According to our graphs we are seeing latency spikes across all percentiles for queries from mediawiki to elasticsearch. Determine what is causing this and come up with ideas to fix it.
- Mentioned In
- T124626: Elasticsearch health and capacity planning FY2016-17
- Mentioned Here
- T124258: Perform A/B test to determine if using opening_text instead of text as the field to perform more_like_this queries is better or not
T124216: Cache morelike API query results
T124102: GeoData extension should use ElasticsearchIntermediary::start and finish so it's requests are logged both in hadoop and in our stats collection
With last weeks train deploy @dcausse added some new stats which break down these latency per-query type along with an optimization to the 'more like' queries which looks to have had a positive effect on the size of the spikes (but hasn't completely removed them). The breakdowns are visible in a new set of graphs on grafana.

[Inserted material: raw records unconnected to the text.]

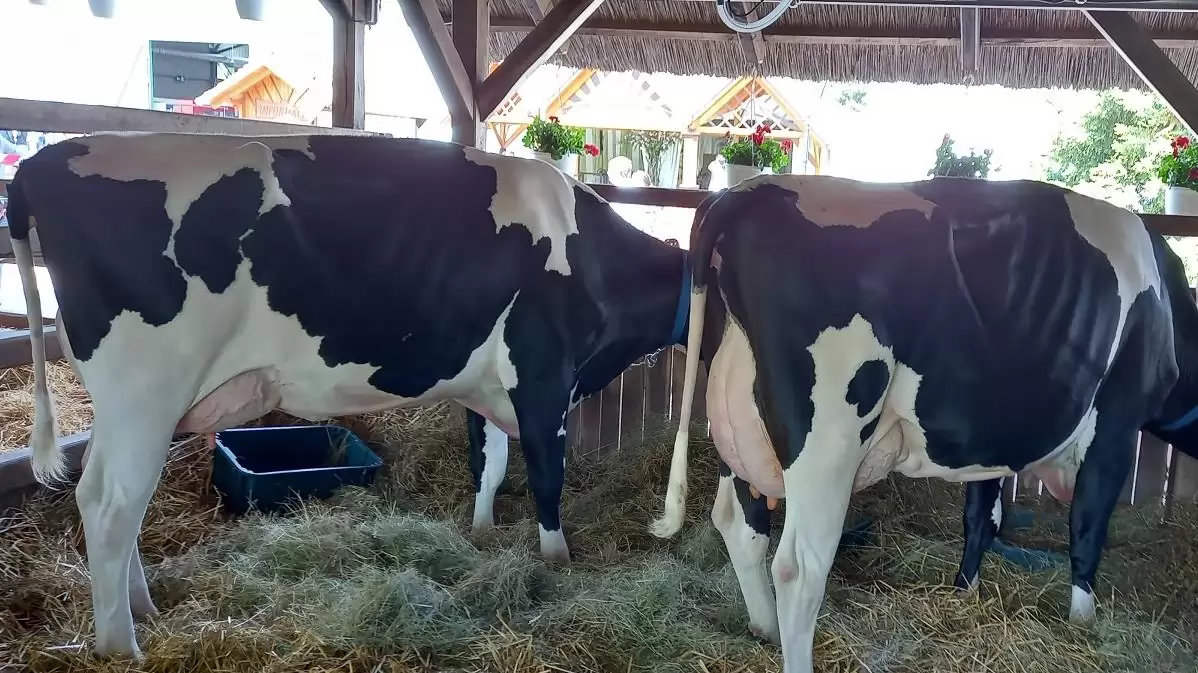 Decemberben további jelentős összegek segítik a tejágazatot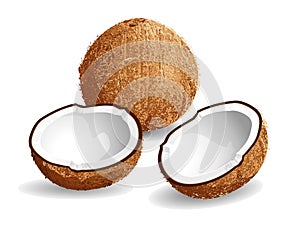 Coconut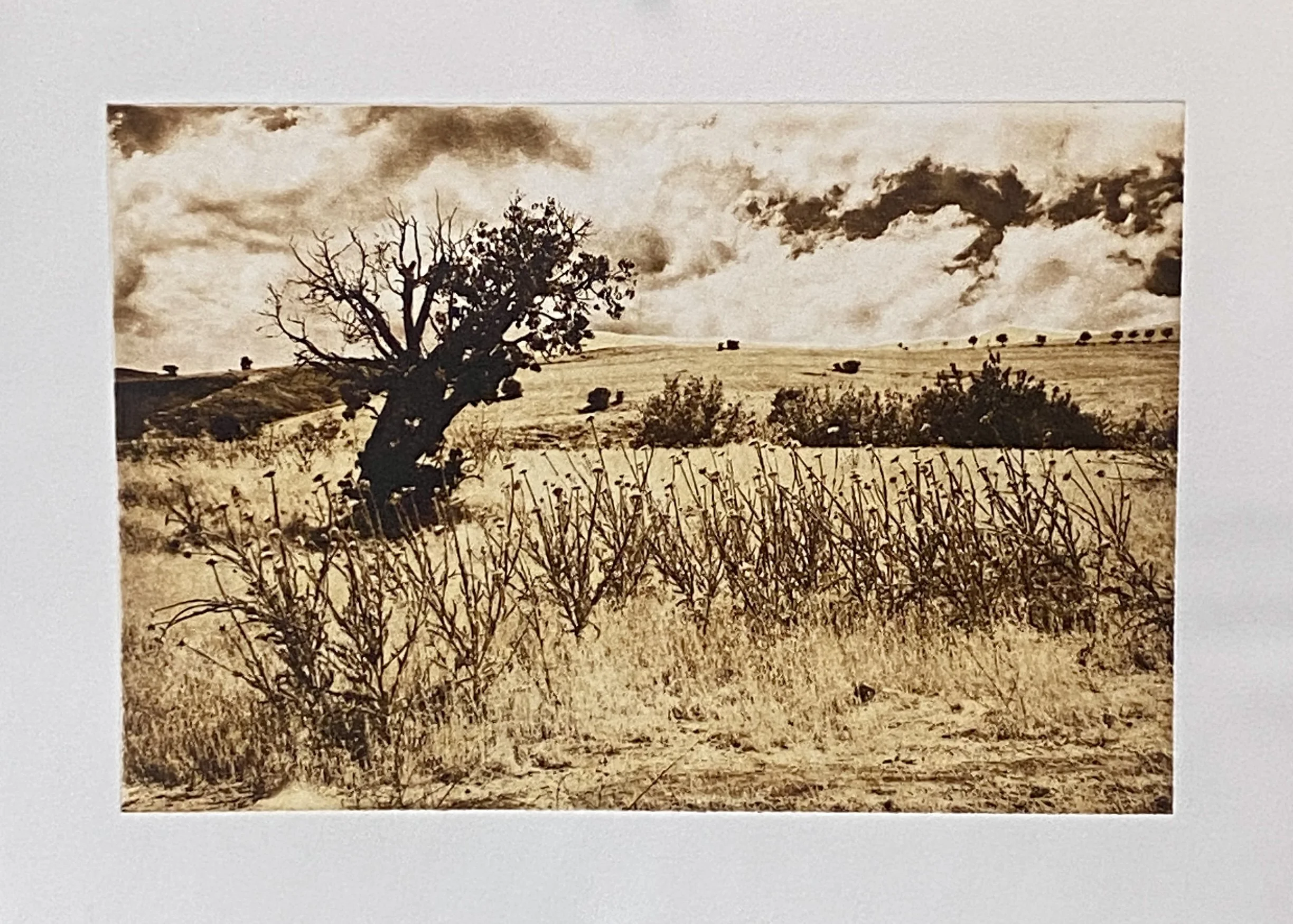 Forgotten By Time.JPG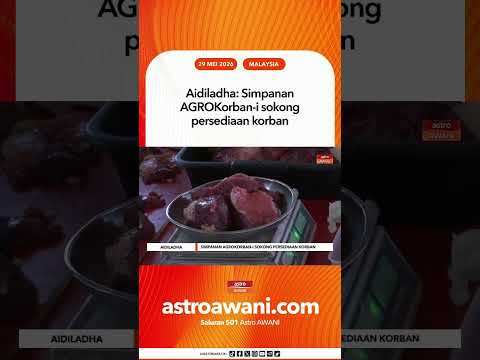 Aidiladha: Simpanan AGROKorban i sokong persediaan korban thumbnail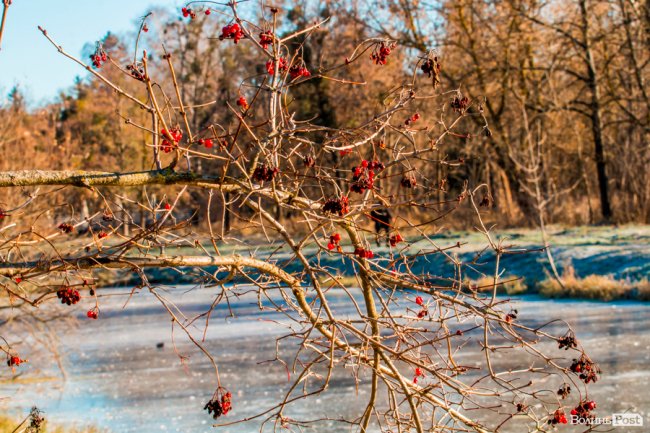 Луцьк в останній осінній день. ФОТОРЕПОРТАЖ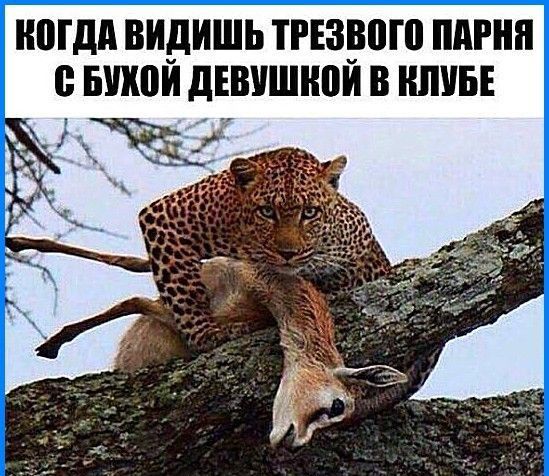 ЮГдд ВИДИШЬ ТРЕЗЕВП ПАРНЯ БШШИ дЕВУШіЮИ В КЛУБЕ Ж ъ _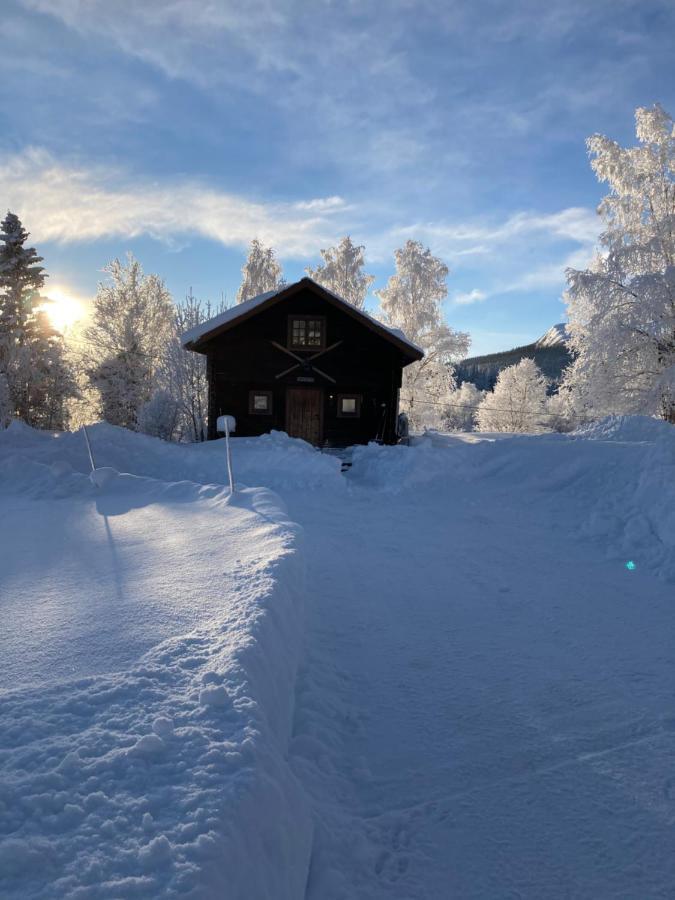 Valagardens Vaerdshus Och Camping Ab Valadalen Ngoại thất bức ảnh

One thing this shows is that we are spending more time on "unknown" queries than we are on any other type, including searches. My intuition is that these are all related to indexing, but we are deploying a patch in today's SWAT which should get rid of unknown and label all possible query types.
I don't know if it's a root cause, but we have been serving many more more_like queries in the past month than we have in the past (we think, didn't used to record this information). T124216 tracks caching those results for 24 hours which I've estimated would be an 80% reduction in more_like traffic.
Also related is T124258: Perform A/B test to determine if using opening_text instead of text as the field to perform more_like_this queries is better or not, where we will attempt to determine if this performance improvement could help with this.
latencies were looking bad again this weekend, deployed the patch to prod and everything immediatly looked happier again. Will review after the weekend is over if this has solved our problem.